Anyway TL;DR Sorcery should be less vague and less “all-or-nothing” to use stats-wise.
I haven’t had that problem with sorcery. In my games, its been used primarily out of combat. It has seen less use in 4th than 3rd but the bonuses for taking your time still make it fairly okay… and taking OC to do some big magic seems perfectly appropriate to me. I think with the stats being reworked, most of the specific stuff doesn’t really have much bearing on 5th draft. However, I do like that it’s pretty freeform – particularly out of combat. It allows a lot more to be done. That it has effect in combat? Okay, it puts a lot of the onus on the GM (and things specified in the book, like teleportation, maybe need to be revisited) but sorcery isn’t really primarily a combat thing in my experience, and I don’t see much reason that it should be, so making it difficult with bonuses for taking your time seems good to me.
Oh, I just wanted to poke around in Ewen’s head a bit and see how he runs a game. I figured it was left vague on purpose for other GMs.
When will I be able to buy Magical Burst as a book?
I’m hoping that the 5th Draft will be the last one, in which case it’ll need a good amount of playtesting, and from there I’ll get into publishing it… Sooo probably a year or more.
5th draft is changing enough that it would be foolish to go straight to publication from it, especially in only a year. If you’re getting ready to publish, there should be iterated drafts with much more minor refinements in between any major change and final publication; otherwise you’re bound to have weird idiosyncrasies and balance issues that get ossified into the physical copy.
It would suck to put out fifth, playtest, make adjustments, put out a published version, and then discover that the edits either weren’t as wise as they seemed, were only a good fit for the groups that had tested them before publication (and the wider world had some other problem with them that you didn’t encounter) or that there was some interaction between rules that you didn’t anticipate, with overall negative repercussions.
You should have a draft out that is playtested and doesn’t need changes (or if it gets changes, that they’re very very small – swapping out a thing or two on random tables, that sort of thing) and is generally popular with the playerbase.
So far, there really hasn’t been a lot of detail focus from the drafts, after all, since they tend to have very large sweeping changes and it therefore is a lot harder to focus on granular mechanical changes even in the handful of cases where those could be relevant.
Ewen, Are you going to listen to the person above me?
Pretty much, yeah. It’s all common-sense stuff.
So, it won’t come out in a year?
It really depends on how a bunch of things turn out, some of which are beyond my control. Right now I’m starting a new job and it’s eating up a huge portion of my free time.
I think a reasonable timeline for a hard copy publication, based on your previous rate of output, and comparing it to other games I’m following, won’t be within a year if you don’t cut corners you shouldn’t cut, and probably won’t be within two either.

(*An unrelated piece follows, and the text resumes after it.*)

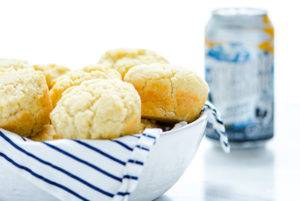 White bowl with white and royal blue stripped napkin with Beer Bread Muffins inside and a can of gluten-free beer in the background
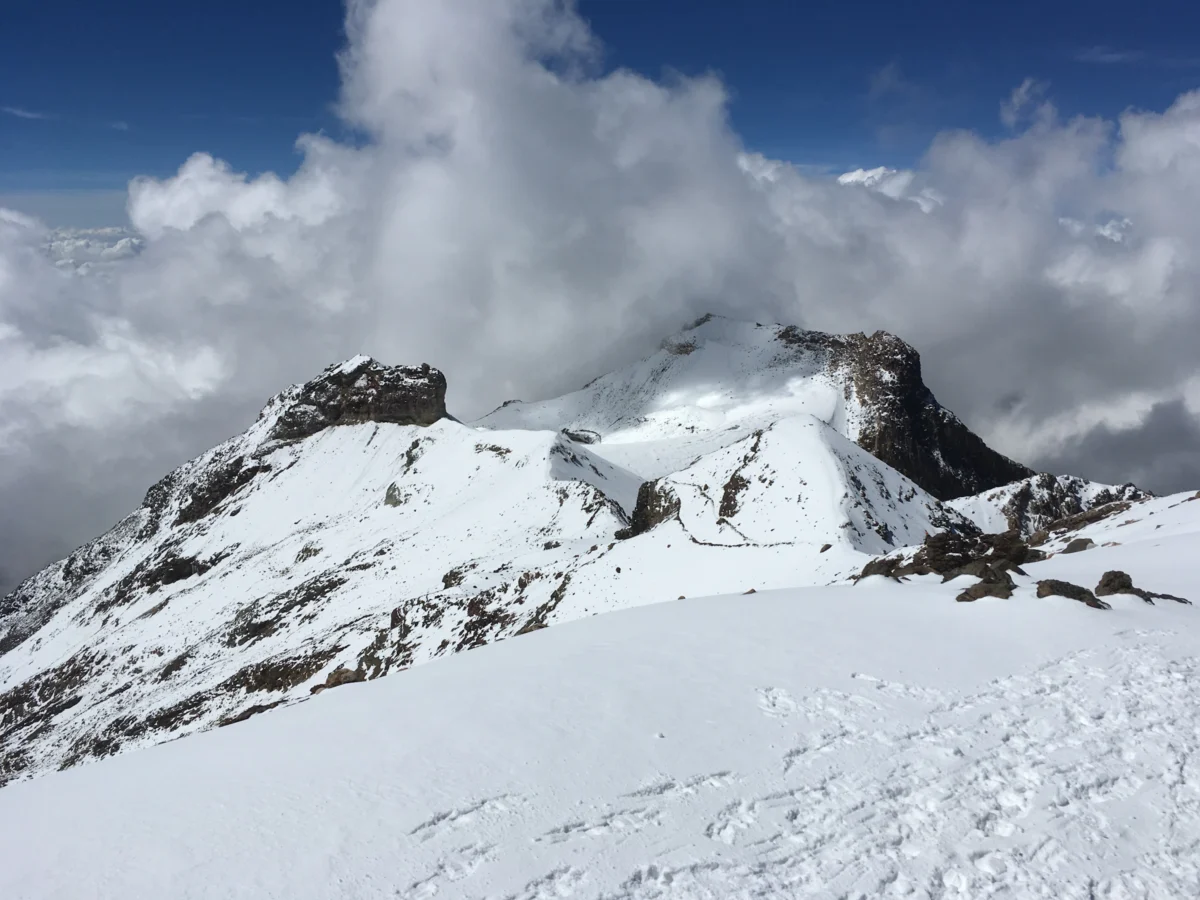 a snowy mountain with clouds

A major game is a long-haul project.
Out of curiosity, how does one become a playtester?
I’ll be doing a little bit of playtesting first to find any really glaring issues, but the plan is to release the finished 5th draft on my blog, and anyone who wants to try it out will be more than welcome to.
Perhaps a more apropos question then: How do you want playtest feedback to be sent to you? So far it seems like there really isn’t a clear and effective way.